So, a related business was feeding funds that were transparently the proceeds of crimes into the FTX/Alameda complex. And it gets worse. SBF himself gave many interviews discussing his early work in “arbitrage.” Here is an example, again concerning Korea, that is still up on YouTube. Let’s quote:

I thought I had this arbitrage but now my bank account got shut down cause I tried to do the arbitrage. And you kind of keep layering…

There is no defense here. These are cogent, reasonable-sounding interviews – ignoring the ridiculousness of admitting this stuff in public – that make plain he knew he was involved in breaking somebody’s laws. Maybe not US laws. But US law is clear that you’re involved in money laundering if the money came out of breaking foreign laws too.

This RealVision interview digs in a bit further on the “arbitrage” techniques. A lot of explanations end with “somehow you solve that.” The person describing how they directed those activities sounds remarkably coherent.

The best part is that the interviewer mentions how the story would make a great Michael Lewis book. And it will be one.

The Counts

The initial charges span eight counts. Except each “such financial transaction” can constitute a separate count. So there is compelling evidence for at least hundreds of transactions in the dirtybubblemedia report alone. The other interviews linked here are similarly chock full of confessions. And of course, there are more interviews out there.

This means the folks running the FTX/Alameda trading activities are almost surely guilty of thousands of counts of a crime with a maximum sentence of 20 years per count. That strongly suggests a negotiated settlement in exchange for information.

The Non-Criminal Stuff

Both the SEC and CFTC charges are of a fundamentally different character. The SEC charges that:

Bankman-Fried also misrepresented the risk profile of investing in FTX… Bankman-Fried also made material misrepresentations to FTX investors about FTX’s risk management

while the CFTC takes issue with misleading public statements:

to the U.S. Congress, the CFTC, and/or other federal and state government agencies, investors, and in public venues such as Twitter.

It’s fantastic to see those groups of parties all lumped together. And one imagines the defense will be something like “these people were all professionals and have publicly stated they did extensive due diligence on us.” Except for Twitter: lying to people on Twitter is a weird kind of crime.

These cases are not simply paperwork and it will be interesting to see what happens. Is it OK to mislead, but not outright lie to, a professional investor during their due diligence? That feels like a slippery slope where business judgement is concerned.

Certainly misleading Tom Brady and Sequoia is not the same as knowingly funnelling billions of dollars in payments derived from criminal activity through your bank accounts.

Where We Go From Here

SBF currently awaits extradition from the Bahamas to the United States. The SEC and CFTC charges ask for some combination of disgorgement, restitution and fines. There is pretty much no chance anyone involved can cover the likely billions of dollars in payments required there if they prevail.

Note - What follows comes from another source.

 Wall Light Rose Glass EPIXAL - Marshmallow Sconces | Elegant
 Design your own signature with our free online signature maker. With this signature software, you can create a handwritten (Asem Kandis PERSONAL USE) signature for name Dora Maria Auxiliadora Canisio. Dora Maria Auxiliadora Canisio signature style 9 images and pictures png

But, more importantly for him, the criminal charges look like life in prison. He is reportedly going to fight extradition which makes sense under the circumstances.

If he loses and is sent to the US, it sure feels likely he will try to strike a deal and plead guilty to something in exchange for a less-than-lifetime sentence. Absent that the ending to this story may be remarkably quiet with a trial focused on boring paperwork details.